[Saved entries]

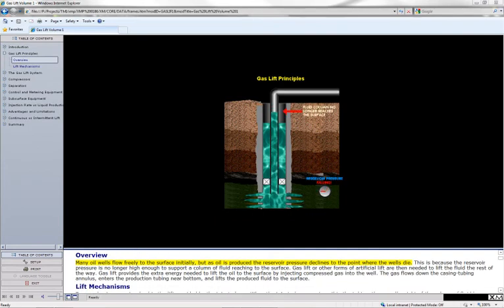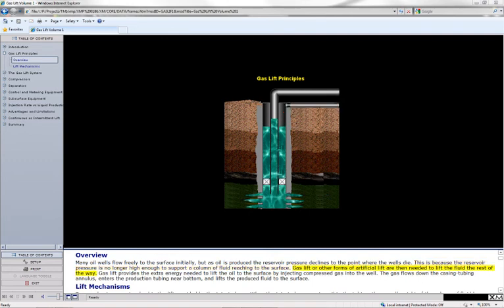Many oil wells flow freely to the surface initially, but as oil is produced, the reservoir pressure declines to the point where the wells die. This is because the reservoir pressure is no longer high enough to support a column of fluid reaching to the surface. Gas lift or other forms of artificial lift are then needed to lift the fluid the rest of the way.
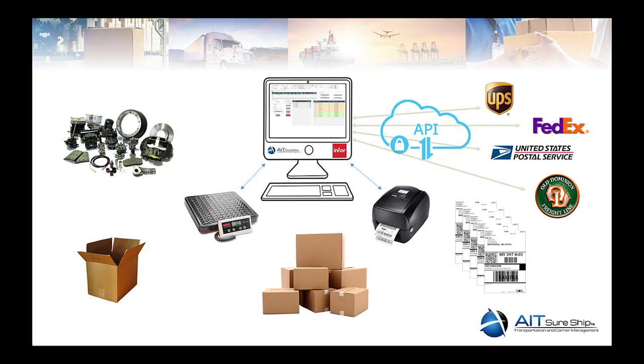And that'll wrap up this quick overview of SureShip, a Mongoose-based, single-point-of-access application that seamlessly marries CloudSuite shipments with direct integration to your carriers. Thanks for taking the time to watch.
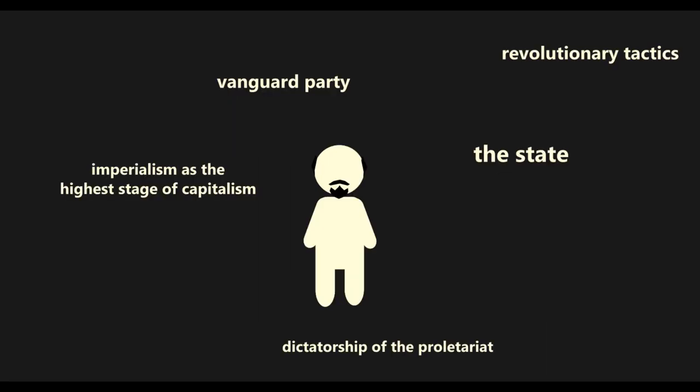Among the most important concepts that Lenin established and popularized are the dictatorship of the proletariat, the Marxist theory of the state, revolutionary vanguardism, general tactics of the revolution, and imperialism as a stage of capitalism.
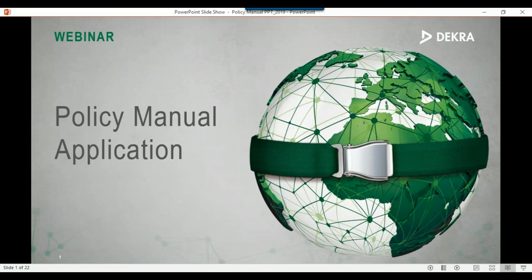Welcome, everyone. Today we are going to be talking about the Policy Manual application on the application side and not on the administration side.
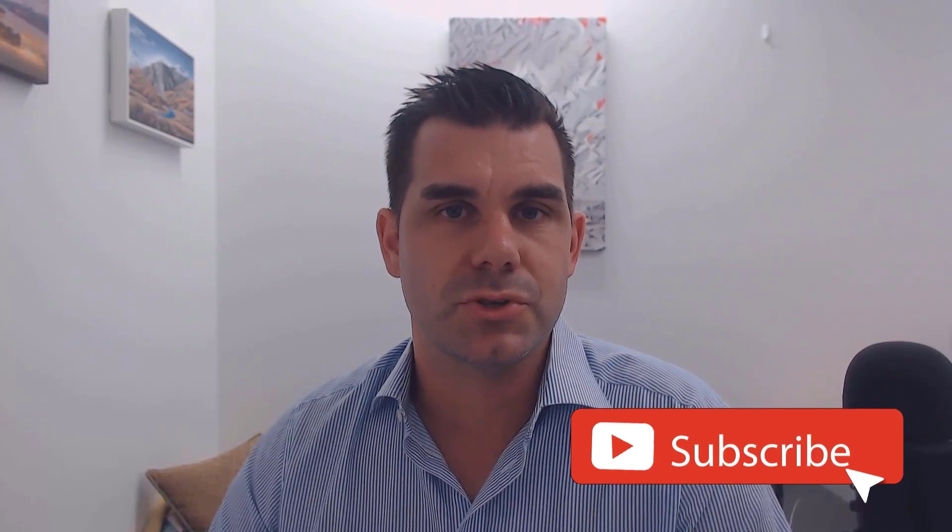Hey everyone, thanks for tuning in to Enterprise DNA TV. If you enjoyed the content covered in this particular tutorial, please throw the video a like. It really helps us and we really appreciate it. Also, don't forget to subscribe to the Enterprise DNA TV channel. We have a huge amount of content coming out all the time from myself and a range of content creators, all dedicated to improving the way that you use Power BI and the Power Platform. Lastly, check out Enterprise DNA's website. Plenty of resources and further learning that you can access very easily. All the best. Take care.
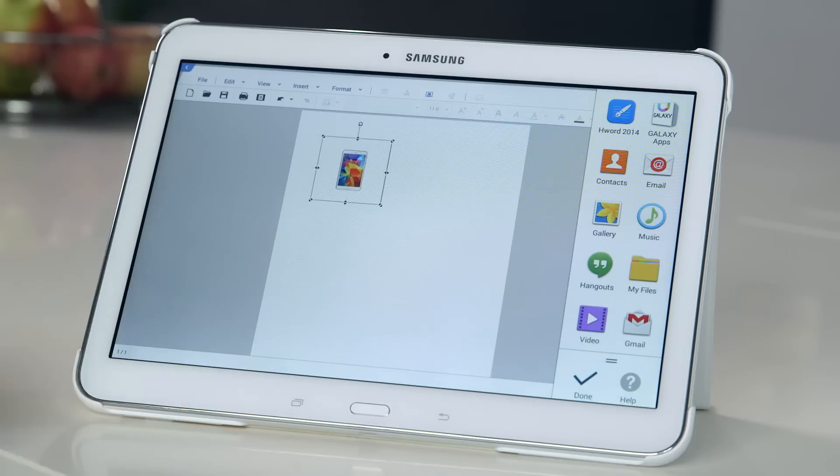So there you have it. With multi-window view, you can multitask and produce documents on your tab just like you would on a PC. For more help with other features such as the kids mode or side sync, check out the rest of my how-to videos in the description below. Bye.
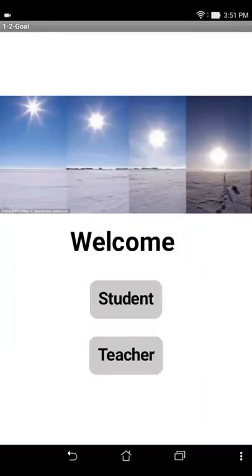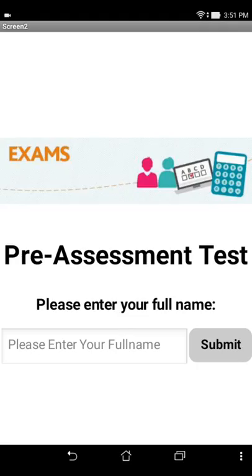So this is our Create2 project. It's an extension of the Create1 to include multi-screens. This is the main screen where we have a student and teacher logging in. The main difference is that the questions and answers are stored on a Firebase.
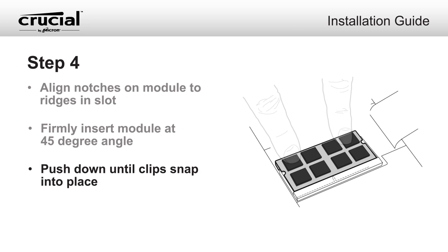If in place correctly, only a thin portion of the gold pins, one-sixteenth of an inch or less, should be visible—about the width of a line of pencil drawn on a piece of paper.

* [Work item] Leave out the images and copy every record above exactly.

* [Answer section]
Many oil wells flow freely to the surface initially, but as oil is produced, the reservoir pressure declines to the point where the wells die. This is because the reservoir pressure is no longer high enough to support a column of fluid reaching to the surface. Gas lift or other forms of artificial lift are then needed to lift the fluid the rest of the way.
And that'll wrap up this quick overview of SureShip, a Mongoose-based, single-point-of-access application that seamlessly marries CloudSuite shipments with direct integration to your carriers. Thanks for taking the time to watch.
Among the most important concepts that Lenin established and popularized are the dictatorship of the proletariat, the Marxist theory of the state, revolutionary vanguardism, general tactics of the revolution, and imperialism as a stage of capitalism.
Welcome, everyone. Today we are going to be talking about the Policy Manual application on the application side and not on the administration side.
Hey everyone, thanks for tuning in to Enterprise DNA TV. If you enjoyed the content covered in this particular tutorial, please throw the video a like. It really helps us and we really appreciate it. Also, don't forget to subscribe to the Enterprise DNA TV channel. We have a huge amount of content coming out all the time from myself and a range of content creators, all dedicated to improving the way that you use Power BI and the Power Platform. Lastly, check out Enterprise DNA's website. Plenty of resources and further learning that you can access very easily. All the best. Take care.
So there you have it. With multi-window view, you can multitask and produce documents on your tab just like you would on a PC. For more help with other features such as the kids mode or side sync, check out the rest of my how-to videos in the description below. Bye.
So this is our Create2 project. It's an extension of the Create1 to include multi-screens. This is the main screen where we have a student and teacher logging in. The main difference is that the questions and answers are stored on a Firebase.
If in place correctly, only a thin portion of the gold pins, one-sixteenth of an inch or less, should be visible—about the width of a line of pencil drawn on a piece of paper.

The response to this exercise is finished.